Twelve Horses and the Hangman's Noose (Mrs. Bradley) Page 5
“I suppose I should, your worship.”
“There is no need to give me that title. You may stand down now. Call Doctor Rollins.”
Rollins was called and sworn. He agreed to his name and address and to the fact that he was in private practice in Wandles Parva.
“Now, Doctor,” went on the coroner, “you were called to the Elkstonehunt riding stables at just before seven on the morning of last Tuesday, twenty-third February?”
“Yes. I received a telephone message from the last witness.”
“Will you tell the jury, please, about your visit? They will wish all relevant details.”
“I was still in bed when the call came through, but I made what haste I could to the Elkstonehunt stables. I was met at the gate to the stables by Richard Jenkinson and he conducted me to number five loose-box. He had provided a stable lantern so that I could examine the interior of the loose-box. John Mapsted was lying across the middle of the floor. He was dead. His skull had been fractured. I don’t know whether you want the scientific anatomical terms?”
“Now, Doctor, in your opinion, was the fractured skull the cause of death?”
“And shock. I conducted a post-mortem examination later, under better conditions, and there is no doubt in my mind that death had probably followed a short period of unconsciousness, and had taken place some five to seven hours before I was called to the stables.”
There was a considerable stir in the court.
“In your view, could the fatal injury have been caused by a blow from a horse’s hoof?”
“Yes, but I couldn’t swear that it was so caused, of course.”
“Thank you, Doctor Rollins.

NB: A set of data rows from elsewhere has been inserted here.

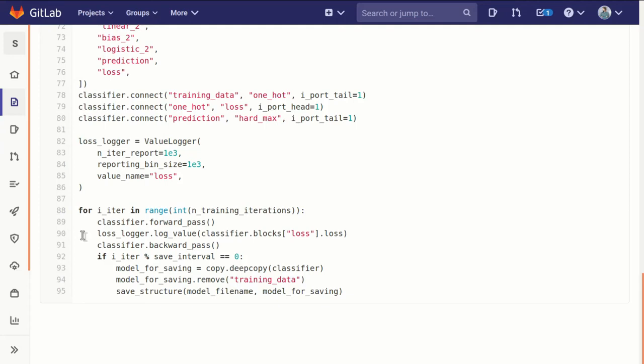It's really helpful as it runs to be able to see what it's doing, and in this case the number that we are watching carefully is the loss. So we have a value logger which is just a convenient way to go through each iteration and pull out a particular value if we want to watch how it changes over time.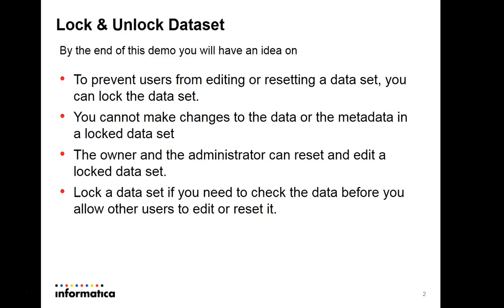Major important features of this in TDM: it prevents the user from editing or resetting a dataset if you set the dataset as locked, and it also does not allow other users to make changes either on the metadata or data. Only the owner and administrator of the dataset can do reset operations or edit a locked dataset and do an unlock or modify any other details.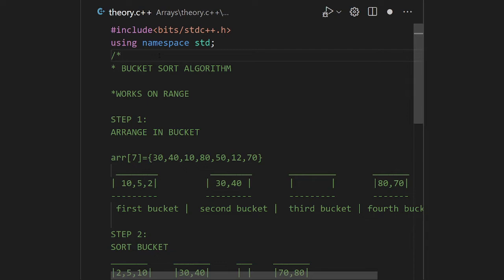For example, given the array 30, 40, 10, 80, 50, 12, and 70, I draw four buckets here. I consider four chunks of that array divided into four different groups. Each bucket has a range — in the first bucket I store numbers from 0 to 19. Why 0 to 19? Because the largest element is 80 and I have four buckets, so 80 divided by 4 gives 20 elements per bucket, meaning the range is 0 to 19.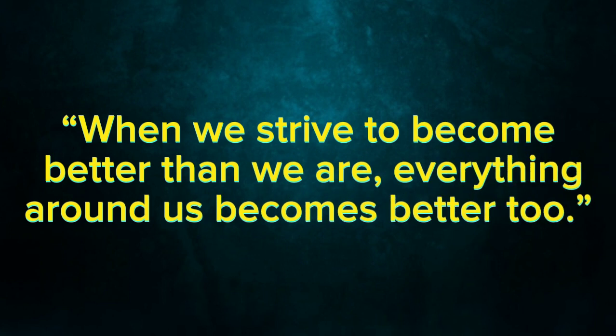When we strive to become better than we are, everything around us becomes better too.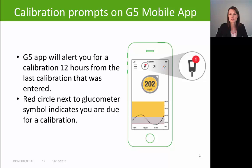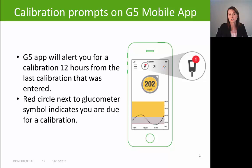The Dexcom G5 app is going to alert you every time you're due for a calibration — every 12 hours — prompting you to enter in a calibration. When you receive that alert, you'll see a red circle next to the glucometer icon; simply tap on that icon and manually enter your blood sugar value. If you do not see a red circle next to the glucometer icon, it means you're not due for a calibration or it's been less than 12 hours from your last calibration.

Recall Richard Jenkinson.”
Jenkinson, looking startled, returned to the witness-box.
“Now, Jenkinson, just one more thing.” said the coroner. “You have heard Doctor Rollins’s evidence that Mr. Mapsted’s death could have been caused by a kick from a horse. Can you tell us anything which might serve to show that the horse in question was—er—” he referred to his notes—“the horse named Percheron?”
“I can that,” said Jenkinson. “’is left-fore was sticky wi’ blood before I washed it down.”

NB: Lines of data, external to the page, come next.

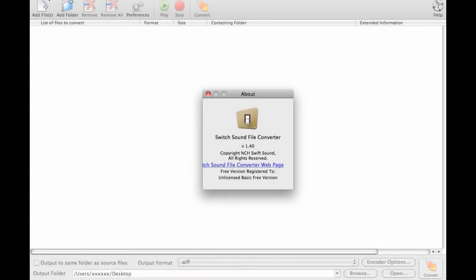We can use a sound file converter, such as Switch by NCH Software, to convert some of our files to files supported by StudioApp.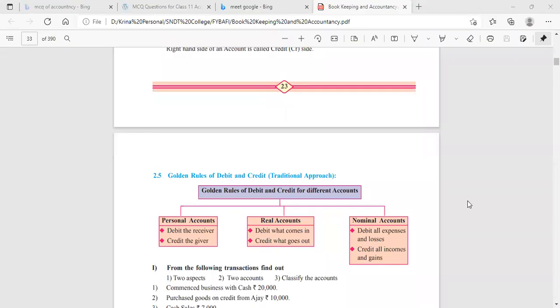Hi everyone, today's session is on golden rules of accounting. As we studied in the previous class, the different classifications of accounts are real, personal, and nominal. Today we are going to understand the golden rules of these accounts.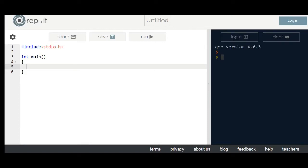Hello everyone, today we are going to show you how to create a very small person. In this video I will check how to declare int.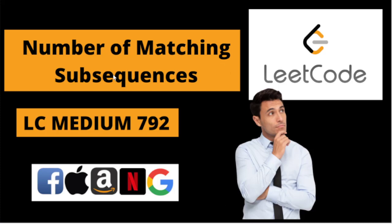Hi guys, welcome to Tech Geek. Today we are back with a daily LeetCode challenge problem, number of matching subsequences. This question is a LeetCode medium question, LeetCode medium 792.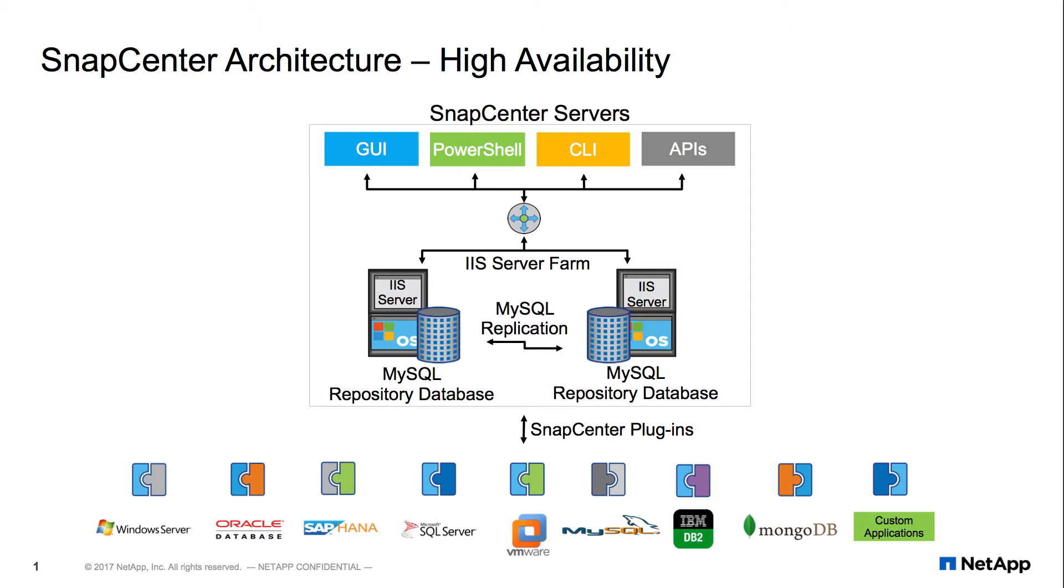In normal use, there is no indication that SnapCenter or its MySQL repository are in an HA configuration. It can, however, be checked through the use of a PowerShell commandlet.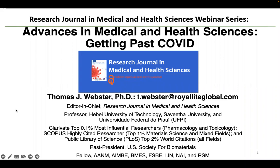All right. Let's get started. I'd like to thank everybody for watching this webinar. I'm very pleased to announce that this is the first webinar for the Research Journal in Medical and Health Sciences. I'm editor in chief of this journal, and this is something we will do every month — have a special speaker come and give a webinar on a topic that's of relevance to the journal.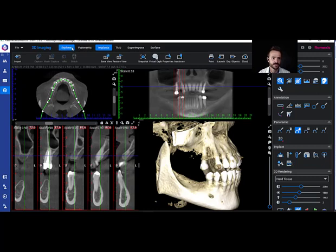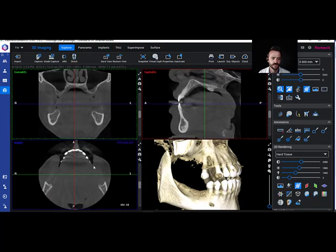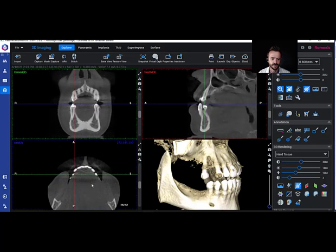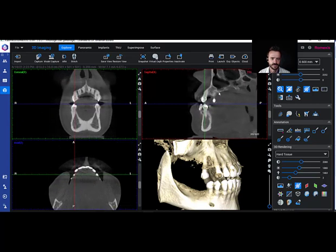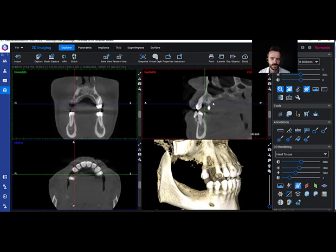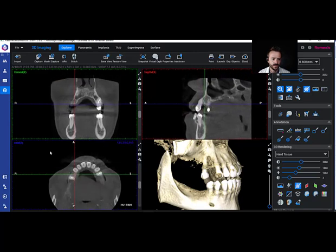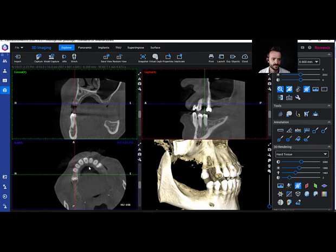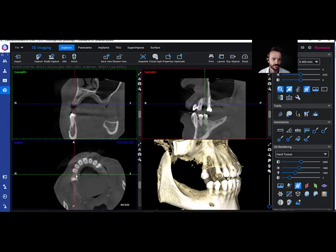I don't use Panoramic very much, or TMJ or the others, but we do use the Explorer view. If we're in Explorer view and wanted to look, we're going to left-click, and since it's on the patient's right I'm going to slide over to the right side. Then I'm going to go up to the sagittal view and drag down, and in the axial view I'm going to hold the right mouse button and rotate.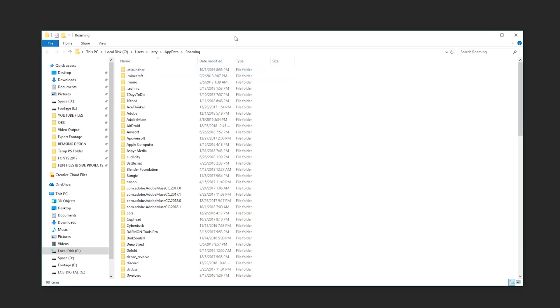All right, welcome back, ladies and gentlemen to the Chupacabra tutorials channel. I'm your host, Larry. And today we're talking about how you reach your app data folder.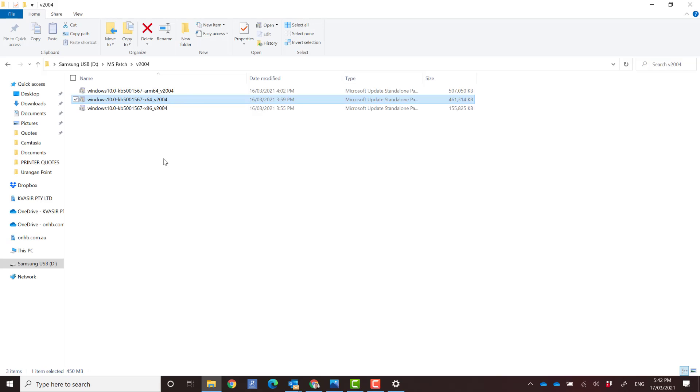And once you have applied that, restarted the machine, you should now be able to print as normal. That's it. Thanks for watching.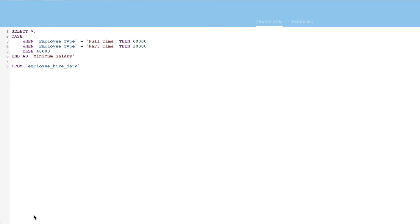We can see the basic salary calculation with this query, but let's add one small edit. We want to change it so the minimum salary for a full-time employee raises after one year of employment. To do this, we will want to utilize the AND function.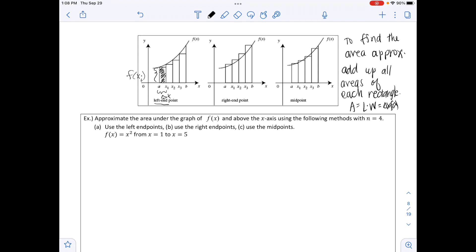Likewise, using the right endpoints, the first rectangle uses the right endpoint and its area is delta x times f(x). You'll notice that using left endpoints for this graph gives an under-representation — too small — whereas using right endpoints gives an over-representation, a little too large of an area.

“Thank you. That is all. Would any member of the jury like to ask the witness a question before he stands down?”
“Yes, I ’ud,” said a farm-hand named Green. “I know the horse Percherong and I know his reppitation. Will Dick Jenkinson tell us how it were safe for Doctor Rollins to go into his stable to examine poor Jack as it appear he done?”
“An excellent point, Mr. Green. Well, Jenkinson?”
“I ’ad the ’orse out of the stable before Doctor Rollins went in. It wouldn’t have bin safe for ’im otherwise. Any fool except Freddie Green ’ud know that.”
“I also should like to ask a question,” said another juror. “Who else, besides Jenkinson, saw blood on the horse’s forefoot?”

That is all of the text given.